* DATA TO EXAMINE

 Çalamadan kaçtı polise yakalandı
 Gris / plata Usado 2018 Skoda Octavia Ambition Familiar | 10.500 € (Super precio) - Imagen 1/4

--

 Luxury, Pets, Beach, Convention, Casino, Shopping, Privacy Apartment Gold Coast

* ASSIGNMENT
Among the lines above, repeat exactly those from the line with "Çalamadan kaçtı polise yakalandı" to the line with "Gris / plata", counting both ends.

* RESULT OF THIS EXERCISE
 Çalamadan kaçtı polise yakalandı
 Gris / plata Usado 2018 Skoda Octavia Ambition Familiar | 10.500 € (Super precio) - Imagen 1/4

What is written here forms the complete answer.